The answer to the first question is yes, you can build models that only predict a single issue. Many organizations do exactly this, as it can be easier to define the use case and also evaluate and track the quality of the Alarms this way.
The answer to the second question is less clear. Something to keep in mind is even if your model is built to predict only one issue, your machine and service data may not clearly separate out the issue you are predicting from other issues occurring at the same time. To better understand this, let’s go back to the example I gave about a cracked and leaking water pipe.

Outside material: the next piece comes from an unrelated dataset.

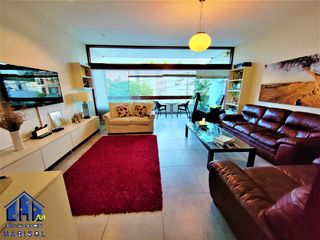 Foto 40 de Bella Casa - Remodelada - Urb. El Rosedal - Miraflores - con Jardin/ ASCENSOR /  Dpto Independiente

To detect a water leak, one of the ways to measure this is to track water pressures. However, these measurements are not likely to measure only the water pressure of a single hose, but the water pressure throughout your system. So if other issues are affecting the water pressure, those will influence the water pressure data being collected. This, in turn, will have an effect on your predictions since you can’t cleanly isolate other issues from the issue you are trying to predict. So it’s possible the financial costs of the false alarms from two models predicting separate issues will be the same as using a single model. You just have to try it and see which works better.
Take Aways
If nothing else, there are two major things you should take away from this. The first is false positives, or incorrect Alarms, can quickly eliminate all the business value of your predictive maintenance efforts. Don’t let statements like “Our model is 85% accurate” trick you into thinking that 85% is giving you five times more value than the 15% is taking away. Do an honest assessment to see if you are really getting the value you need out of a predictive model.
The second take away is about the value of improving data quality. Data People frequently complain about underinvestment in data quality and how other people don’t really understand the problems caused by poor data quality. I think part of the reason this happens is because most people don’t look at raw data, they look at summary KPIs. And then unconsciously assume that if they can drive major business decisions with their KPIs, their data quality is good enough for everything else.
An example of this can be seen in the way people sometimes evaluate how machine issues are driving overall service costs. One way to approach this is using the pareto principle and focusing on the issues driving the most costs. You can take one year of data and add up the number of times each issue occurred, and multiply that by the financial costs of each issue. In this way, you’ll see which issues are costing you the most annually. Even If 20% of the issue labels are incorrect, the ranking of the individual items in the pareto might be a bit different, but the big cost drivers will probably still be the big cost drivers, and the small issues are less of a cost concern when compared to the big issues. So even with 20% label noise, your pareto breakdown is still correct. So you might assume the data is good enough for anything you want to do with it.
As we’ve seen, that 20% matters a lot when it comes to getting the business value you expected from predictive models. In many cases, fixing those data quality issues isn’t just about hiring a person to focus on cleaning up data, but about revamping the entire process and software interface used to collect data.
As a manager, it can be tiresome to listen to Data Scientists complain about data quality, especially when the quality seems fine for everybody else. Just remember, what they might be trying to tell you is that with your current data, your goal of saving X million dollars using predictive maintenance is just an unattainable dream. If you aren’t prepared invest in improving your data quality, it’s better if you know that today instead of waiting years for the program to fall flat on it’s face.